During the dispute about lightning conductors (after St. Bride's Church was struck in 1764), in the year 1772, George III. (says Mr. Weld, in his "History of the Royal Society") is stated to have taken the side of Wilson—not on scientific grounds, but from political motives; he even had blunt conductors fixed on his palace, and actually endeavoured to make the Royal Society rescind their resolution in favour of pointed conductors. The king, it is declared, had an interview with Sir John Pringle, during which his Majesty earnestly entreated him to use his influence in supporting Mr. Wilson. The reply of the president was highly honourable to himself and the society whom he represented.

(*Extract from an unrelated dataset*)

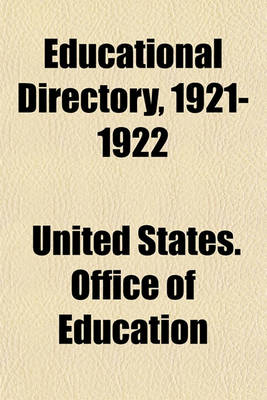 Book cover for Educational Directory, 1921-1922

It was to the effect that duty as well as inclination would always induce him to execute his Majesty's wishes to the utmost of his power; "But, sire," said he, "I cannot reverse the laws and operations of Nature." It is stated that when Sir John regretted his inability to alter the laws of Nature, the king replied, "Perhaps, Sir John, you had better resign." It was shortly after this occurrence that a friend of Dr. Franklin's wrote this epigram:—
"While you, great George, for knowledge hunt,
And sharp conductors change for blunt,
The nation's out of joint;
Franklin a wiser course pursues,
And all your thunder useless views,
By keeping to the point."
A strange scene in the Royal Society in 1710 (Queen Anne) deserves record. It ended in the expulsion from the council of that irascible Dr. Woodward who once fought a duel with Dr. Mead inside the gate of Gresham College. "The sense," says Mr. Ward, in his "Memoirs," "entertained by the society of Sir Hans Sloane's services and virtues was evinced by the manner in which they resented an insult offered him by Dr. Woodward, who, as the reader is aware, was expelled the council. Sir Hans was reading a paper of his own composition, when Woodward made some grossly insulting remarks. Dr. Sloane complained, and moreover stated that Dr. Woodward had often affronted him by making grimaces at him; upon which Dr. Arbuthnot rose and begged to be 'informed what distortion of a man's face constituted a grimace.' Sir Isaac Newton was in the chair when the question of expulsion was agitated, and when it was pleaded in Woodward's favour that 'he was a good natural philosopher,' Sir Isaac remarked that in order to belong to that society a man ought to be a good moral philosopher as well as a natural one."